Des questions et des interrogations, il y en a beaucoup parmi les transporteurs et des rumeurs ont commencé à circuler sur de prétendues pannes au niveau des raffineries ou des centres distributeurs. Et des réponses convaincantes venant des responsables du secteur concerné, il y a en a eu très peu. Le directeur de l'énergie et des mines de la wilaya de Constantine, M. Bouzidi, que nous avons interrogé hier, a affirmé catégoriquement que «toutes les stations-service de la capitale de l'Est et de ses environs sont approvisionnées régulièrement.

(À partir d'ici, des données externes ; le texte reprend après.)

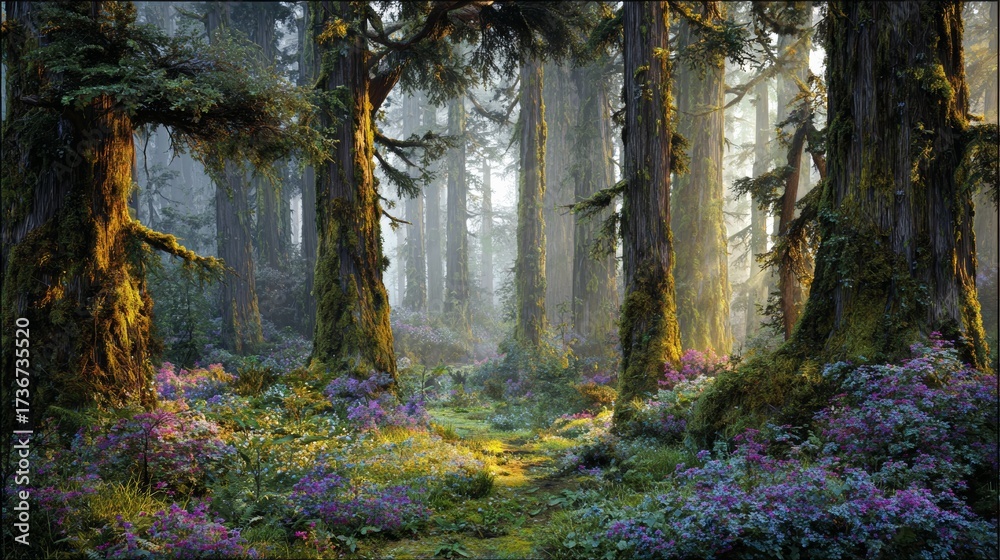 Obraz premium Enchanted Fairytale Forest at Sunrise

D'autant plus que Constantine est heureusement alimentée à partir de la raffinerie de Skikda, non par des camions citernes, mais par un pipeline qui débouche au centre de Naftal de Bounouara». Lui faisant remarquer que c'est un phénomène rampant qui est parti de l'extrême ouest du pays et vient d'atteindre maintenant l'extrême Est, nous avons demandé où se situent les carences ? Et notre interlocuteur de s'aligner sur les dernières déclarations du PDG de Naftal en évoquant la pression qui s'exerce toujours en début de l'été, période qui coïncide cette année avec l'arrivée du mois de Ramadan, durant laquelle et selon lui, les gens ont tendance à beaucoup bouger. Et il a expliqué enfin que Constantine, qui constitue un carrefour entre le Nord et le Sud, l'Est et l'Ouest, s'en trouve naturellement touchée par cette forte convergence d'automobilistes. Refusant de parler de pénurie, M. Bouzidi a pointé du doigt les passagers venant des wilayas environnantes «qui ont provoqué cette pression dans les stations d'essence», a-t-il dit.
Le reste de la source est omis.